Most of the other styles I received high points in are similar, with leadership descriptions such as: “emphasizing teamwork and harmony,” “collaborative and focuses on emotional needs”, “active listening, empathy, and commitment to building community”. The situations these leadership styles are effective in are quite similar as well: when there is time to develop community, when team members are self-motivated, or when the leader can actively participate and lead by example.
Overall, I think this leadership style is based upon building equity within the team in the project or task at hand, and trust amongst teammates and the leaders. This takes time, and is not always an easy path: sometimes the project itself is arduous or uninteresting, or sometimes team members just simply don’t get along due to personality clashes.

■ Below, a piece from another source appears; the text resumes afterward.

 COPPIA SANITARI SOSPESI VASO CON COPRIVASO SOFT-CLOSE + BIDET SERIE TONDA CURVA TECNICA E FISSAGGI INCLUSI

I believe, and the leadership style seems to imply, that these circumstances can be overcome by building a constructive environment where the team can feel like their voices and concerns are heard, but that sometimes it takes hard work and time to achieve that environment.
While I felt that the “Democratic” leadership style fit my prior understanding of my own leadership style, I was a little disheartened with my results for two reasons.
The first was that my second-highest leadership style was “Bureaucratic”, which describes a top-down, authoritarian regime full of micromanagement and compliance, with descriptions like “This leader stringently establishes and enforces rules” - “The leader’s decisions are absolute” - “This leader motivates by discipline and demands immediate compliance.” The only thing I can say is that “This leader” sounds terrible! This runs counter to the “Democratic” style ideals of leadership, where the leader is more of a facilitator and community builder. I do like having processes and rules, and believe that all should play by the rules, but I believe that having a ruleset for all to follow does not mean one has to rule with an iron fist.
The other reason I was disheartened was that I scored high on the “Affiliative” leadership style, which is partially described as being ineffective when “the leader has difficulty giving negative feedback.” In thinking about my leadership style and interactions as part of this task, I realized that I often shy away from being direct when discussing personal performance with teammates or my own managers at work. I believe this is because of three things: ) I understand my perspective, thoughts, and feelings are subjective and based in my own truth, not the objective truth 2) I I know that I myself am imperfect, so I cannot expect perfection from those around me 3) that I am an obliger, and I don’t like to upset people, and that by being direct it can feel more like a stick than a carrot. But, it seems that part of being a leader is being able to deliver bad news or negative feedback. Of course this isn’t a license to be mean or condemning, but to deliver constructive criticism free of sugar-coating.
It was very helpful, surprising even, to go through the Toastmasters leadership questionnaire and spend time critically thinking and evaluating my own leadership style, my ideal leader, and both the good and bad leaders I’ve observed in the past. It is much harder to do than to say, of course, but at least going forward I’m equipped with a better understanding of my own strengths and weaknesses, my own advantages and limits, and the situations in which I can comfortably lead in my preferred style.